Louis Roederer Collection 244 and working with climate change

This month’s new Louis Roederer Collection 244 gets released two years after the House bravely ditched its best-selling Brut Premier NV cuvée and replaced it with the Collection, a multi-vintage blend that uses both a string of reserve wines and a high proportion of solera-style Perpetual Reserve – created in 2012 and topped up after subsequent harvests. Underlying the move is cellar master Jean-Baptiste Lécaillon’s vision to cope with warming temperatures in the region and to create an unique NV that gets increasingly complex with each subsequent harvest. Roger Jones attended the launch of the new Champagne which he tasted alongside every iteration made, four of which were never given a standard release.

Roger Jones
31st August 2023by Roger Jones
posted in Tasting: Wine,

“Louis Roederer Collection 244 is a powerful, bright, focused champagne that oozes class, it is luscious, fresh and complex, truly outstanding,” writes Jones.

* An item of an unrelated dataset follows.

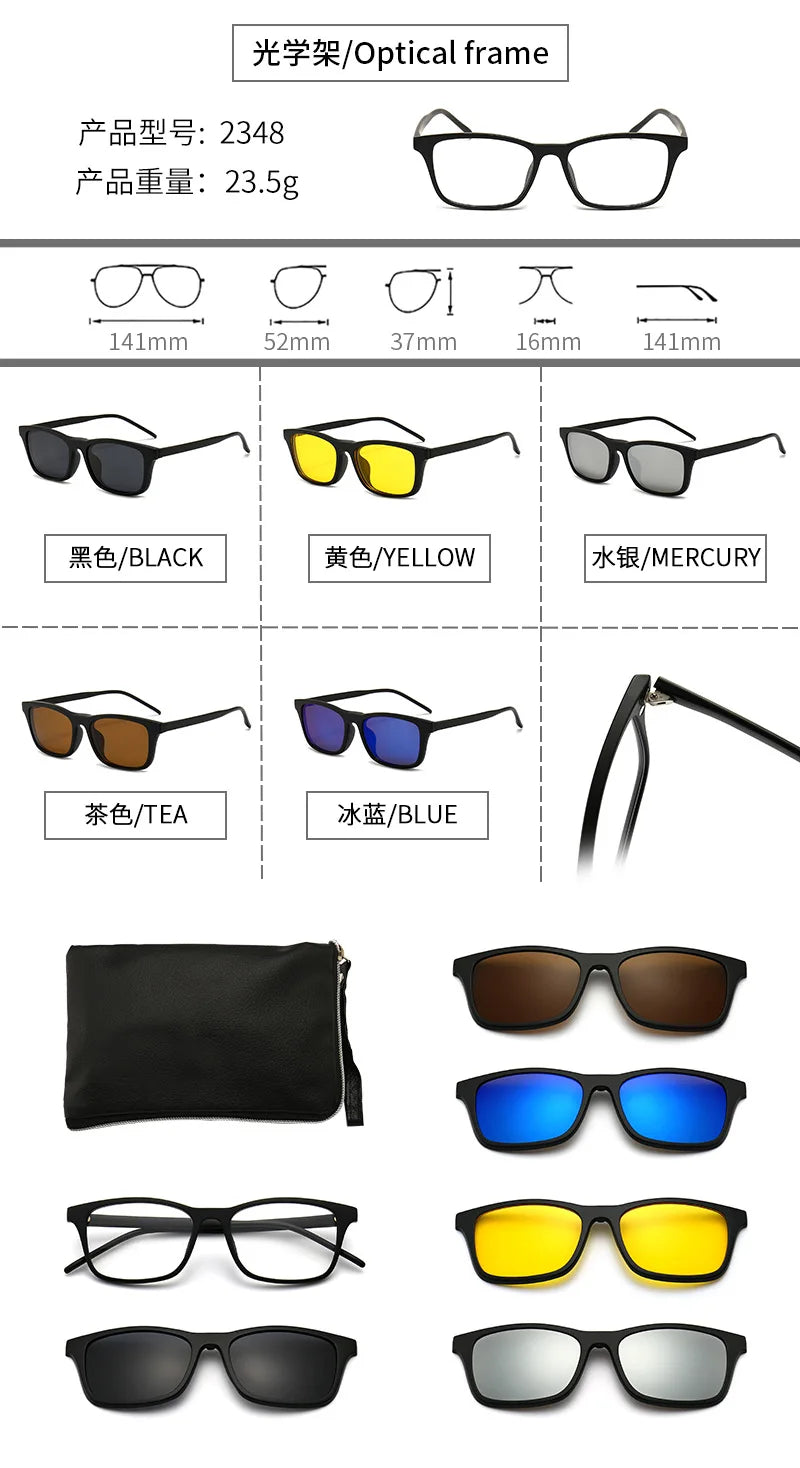 6 In 1 Polarized Sunglasses Men Women Magnetic Clip On Glasses TR90 Optical Prescription Eyeglass Frames Magnet Clips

Cellar master Jean-Baptiste Lécaillon with Roger Jones (l-r) Louis Roederer Collection 244 launch, London

When Louis Roederer launched its new multi-vintage wine two years ago with Collection 242 it was with the intention of bringing a vintage strategy into the non-vintage category – creating a cuvée that changes every year and revels in that uniqueness rather than a multi-vintage cuvée that has the brand promise of a consistent style, as it had done with Brut Premier NV. It also bumped the price up by £4 a bottle, making it more expensive than the non-vintage Champagnes of the other Grandes Maisons.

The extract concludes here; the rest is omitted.